Goal of the exercise
Reproduce only the lines below from the line containing "Schlafsofa 2-Sitzer mit Fußhocker Dunkelgrün Samt Schlafsofa" to the line containing "Карабін гвинтовий з муфтою 6 мм", exactly as written, with both end lines kept. Omit the pictures.

Material supplied
★ ★ ★ ★ ★ ★ ★

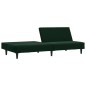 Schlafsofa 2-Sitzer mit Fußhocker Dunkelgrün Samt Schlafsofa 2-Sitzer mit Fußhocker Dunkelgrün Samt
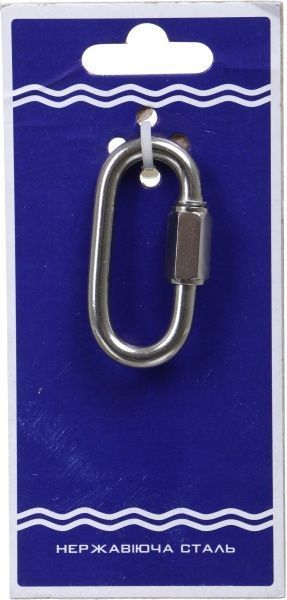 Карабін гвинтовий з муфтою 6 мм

★ ★ ★ ★ ★ ★ ★

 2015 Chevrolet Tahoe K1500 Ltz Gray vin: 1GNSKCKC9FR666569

★ ★ ★ ★ ★ ★ ★

Expected answer
 Schlafsofa 2-Sitzer mit Fußhocker Dunkelgrün Samt Schlafsofa 2-Sitzer mit Fußhocker Dunkelgrün Samt
 Карабін гвинтовий з муфтою 6 мм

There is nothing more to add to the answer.